In short, it is the Will Smith story.
Not Will Smith the musician and actor. It’s about Will Smith the pitcher and Will Smith the catcher. One threw a pitch on Friday night, and the other blasted it over the fence for a pivotal three-run home run, powering the Dodgers to a 7-3 win in Game 5 of the National League Championship Series, to the delight of all the fans in Dodger blue at Globe Life Field.
Corey Seager added two home runs for the Dodgers, but Smith’s homer off Smith turned a deficit into an advantage in the sixth inning — and, like many Will Smith songs, it was a winning hit.
The Smith-vs-Smith showdown was the first time two players with the same name had faced each other in the postseason. William Michael Smith, 31, is a veteran left-hander from Newnan, Ga., and pitches for the Braves. William Dills Smith, 25, is a catcher from Louisville, Ky., in his second year with the Dodgers. His nickname, according to the website Baseball-Reference, is The Fresh Prince, a nod to the Will Smith who played that role in the 1990s hit television show, “The Fresh Prince of Bel Air.”
“It’s a common enough name,” Will D. Smith said after the game, adding that there was another Will Smith at his high school, too.

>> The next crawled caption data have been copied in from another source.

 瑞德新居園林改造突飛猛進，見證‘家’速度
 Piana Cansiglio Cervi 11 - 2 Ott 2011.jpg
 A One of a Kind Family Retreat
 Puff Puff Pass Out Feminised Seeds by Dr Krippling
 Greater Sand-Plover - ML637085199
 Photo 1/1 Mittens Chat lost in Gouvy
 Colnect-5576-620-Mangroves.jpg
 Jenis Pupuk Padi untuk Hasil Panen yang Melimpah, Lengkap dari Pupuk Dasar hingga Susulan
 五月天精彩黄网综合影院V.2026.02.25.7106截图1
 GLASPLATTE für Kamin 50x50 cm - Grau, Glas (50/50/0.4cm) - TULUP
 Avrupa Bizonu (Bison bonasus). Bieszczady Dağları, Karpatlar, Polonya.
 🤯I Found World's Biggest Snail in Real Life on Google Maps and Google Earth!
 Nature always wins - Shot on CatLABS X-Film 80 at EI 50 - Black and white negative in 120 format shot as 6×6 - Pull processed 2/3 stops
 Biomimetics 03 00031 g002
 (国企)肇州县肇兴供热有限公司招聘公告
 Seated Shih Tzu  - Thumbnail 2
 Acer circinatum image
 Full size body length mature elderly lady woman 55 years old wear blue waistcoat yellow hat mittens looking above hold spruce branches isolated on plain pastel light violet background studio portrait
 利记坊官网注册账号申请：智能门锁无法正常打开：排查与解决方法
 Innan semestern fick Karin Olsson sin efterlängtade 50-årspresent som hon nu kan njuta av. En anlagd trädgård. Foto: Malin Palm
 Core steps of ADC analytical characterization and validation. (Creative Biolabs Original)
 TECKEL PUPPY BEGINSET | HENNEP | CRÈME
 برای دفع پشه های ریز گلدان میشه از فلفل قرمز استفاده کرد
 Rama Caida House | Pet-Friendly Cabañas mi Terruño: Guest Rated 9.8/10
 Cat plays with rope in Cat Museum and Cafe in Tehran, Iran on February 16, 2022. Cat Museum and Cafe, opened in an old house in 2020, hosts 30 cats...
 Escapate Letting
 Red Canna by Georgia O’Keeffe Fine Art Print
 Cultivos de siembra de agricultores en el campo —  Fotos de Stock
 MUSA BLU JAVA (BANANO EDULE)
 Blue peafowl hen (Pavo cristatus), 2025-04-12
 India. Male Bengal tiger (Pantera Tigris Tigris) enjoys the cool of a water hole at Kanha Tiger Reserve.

But his namesakes were not on his mind when the evening began. The Dodgers came into the game trailing the Braves by three games to one in the best-of-seven series, needing a win to avoid elimination from the playoffs for the eighth straight season. They also trailed, 2-1, in the sixth inning when the Braves brought in Will M. Smith to face Max Muncy with Justin Turner on base and two outs.
Muncy drew a walk, and that set up the second ever at-bat between Will Smith and Will Smith. In their previous meeting last year, Will M. Smith struck out Will D. Smith.
As social media began to flutter over the name coincidence, Will D. Smith fell behind in the count, 0-2. But he drew a full count and then turned on a low fastball clocked at 94 miles per hour, sending it into the stands to left field. And then social media really exploded.
Suddenly, the Dodgers led, 4-2 — a lead they would not relinquish.
“That’s the big moment you need a big hit,” Seager said, “and he got it.”
Dave Roberts, the Dodgers manager, said he had a good feeling when he saw it was going to be Will Smith vs. Will Smith.
“I did,” he said. “I’ll always bet on our Will Smith.”
Smith the catcher is not known to show much emotion on the field, but after hitting the homer he carried his bat about halfway down the first-base line, then yelled and slapped hands with the base coaches as he rounded the bases.
“That intensity, that fire and passion is in there,” Roberts said. “To see it come out is a lot of fun. I know there are going to be bigger hits than that, but that was a big one.”